L’écrivain nigérian Wole Soyinka, premier auteur africain à recevoir, en 1986, le prix Nobel de littérature et très critique envers le président américain Donald Trump, a annoncé, mardi 28 octobre, que le consulat des Etats-Unis à Lagos avait annulé son visa. « Je tiens à assurer le consulat… que je suis très satisfait de l’annulation de mon visa », a déclaré le célèbre auteur et dramaturge, âgé de 91 ans, lors d’une conférence de presse.
Icône de la littérature africaine, il est également une grande figure d’opposition aux dictatures militaires au Nigeria, pays le plus peuplé d’Afrique. Début 2025, il avait indiqué avoir été convoqué par le consulat américain pour un entretien dans le cadre d’un renouvellement de son visa. Il bénéficiait auparavant d’un statut de résident permanent aux Etats-Unis, même s’il avait détruit sa Green Card (« carte verte ») après la première élection de Donald Trump, en 2016.

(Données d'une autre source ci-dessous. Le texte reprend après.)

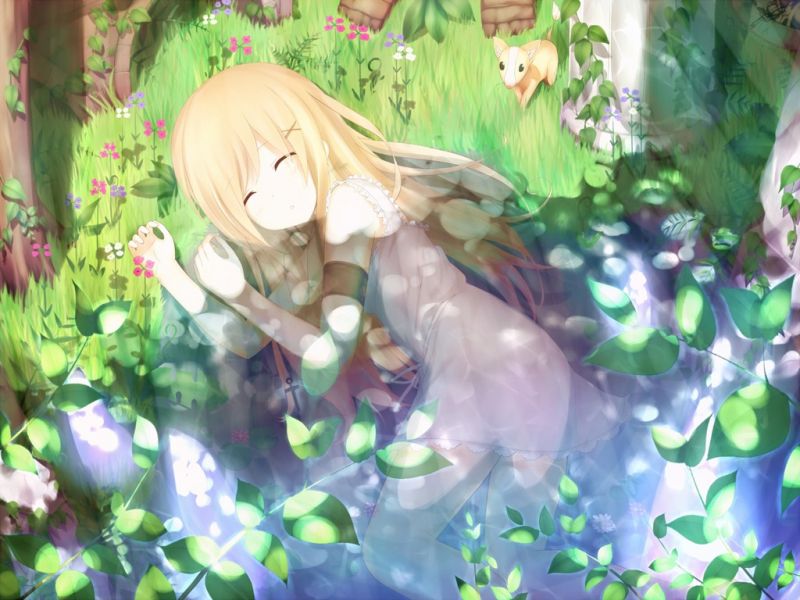 anime, manga, λουλούδι, νεράιδα, ζούγκλα, φανταστικός χαρακτήρας anime, manga, λουλούδι, νεράιδα, ζούγκλα, φανταστικός χαρακτήρας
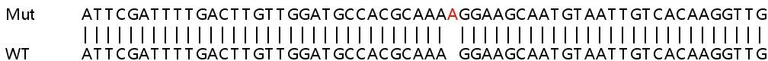 Sanger Sequencing - Human MIOS knockout HeLa cell lysate (AB258515)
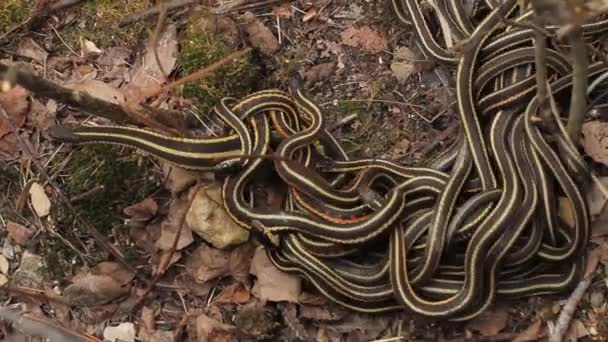 Giarrettiera rossa serpenti accoppiamento — Video Stock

Selon une lettre adressée à M. Soyinka par le consulat, consultée par l’Agence France-Presse (AFP), les responsables ont cité les règlements du département d’Etat permettant d’« annuler un visa de non-immigrant à tout moment, à sa discrétion ». En lisant la lettre à haute voix devant des journalistes à Lagos, la capitale économique du Nigeria, le Prix Nobel a déclaré que les responsables lui avaient demandé d’apporter son passeport au consulat afin que son visa puisse être annulé.
Il a plaisanté en disant que c’était une « lettre d’amour plutôt curieuse venant d’une ambassade », tout en conseillant à toute organisation espérant l’inviter aux Etats-Unis de « ne pas perdre leur temps ». « Je n’ai pas de visa. Je suis interdit d’entrée », a poursuivi le dramaturge, qui a enseigné et reçu des distinctions de grandes universités américaines, notamment Harvard et Cornell.
L’administration Trump a fait de l’annulation des visas un élément clé de sa lutte contre l’immigration, ciblant notamment les étudiants qui s’expriment sur les droits palestiniens. Sollicitée par l’AFP, l’ambassade des Etats-Unis à Abuja a indiqué qu’elle ne commentait pas les cas individuels, invoquant les règles de confidentialité.
Récemment, le Prix Nobel de littérature avait comparé Donald Trump à l’ex-dictateur ougandais Idi Amin Dada, « un homme de stature internationale, un homme d’Etat ». « Je pensais lui faire un compliment, a-t-il déclaré. Il se comporte comme un dictateur, il devrait en être fier. »
Surnommé le « boucher de l’Afrique », le général Idi Amin Dada, autoproclamé chef de l’Etat en 1971, a été renversé en 1979 après un règne sans partage marqué par une répression aveugle, la mort de 300 000 à 500 000 Ougandais et l’expulsion de toute la communauté indo-pakistanaise. Il a fui en Libye puis en Arabie saoudite, où il est mort en 2003.
M. Soyinka avait également critiqué les arrestations massives d’immigrants sans papiers aux Etats-Unis. « Quand nous voyons des gens être arrêtés dans la rue, des gens être emmenés et disparaître pendant un mois… des vieilles femmes, des enfants séparés. C’est vraiment ce qui me préoccupe », a-t-il insisté, mardi.
Interrogé sur la possibilité de retourner aux Etats-Unis, il a répondu : « Quel âge ai-je ? », laissant cependant la porte ouverte à une invitation, si les circonstances changeaient. « Je ne prendrai pas l’initiative moi-même car il n’y a rien que je cherche là-bas. Rien », a-t-il ajouté.
M. Soyinka est l’auteur d’une soixantaine de pièces, de poèmes, d’essais, d’études critiques, de récits autobiographiques – Aké, les années d’enfance (traduit en français par Belfond, 1984), Ibadan, les années pagaille (traduit en français par Actes Sud, 1997), etc. – ainsi que de trois romans – Les interprètes (traduit en français par Présence africaine, 2000), Une saison d’anomie (traduit en français par Belfond, 1987) et Chroniques du pays des gens les plus heureux du monde (traduit en français par Seuil, 2023).
Il a incarné une génération d’écrivains noirs anglophones, comme le Nigérian Chinua Achebe, qui avaient pris, dès les années 1960, leurs distances avec le concept de « négritude », mouvement lancé par des francophones comme le Martiniquais Aimé Césaire ou le Sénégalais Léopold Sédar Senghor avant la seconde guerre mondiale. M. Soyinka préférait l’idée de « tigritude ».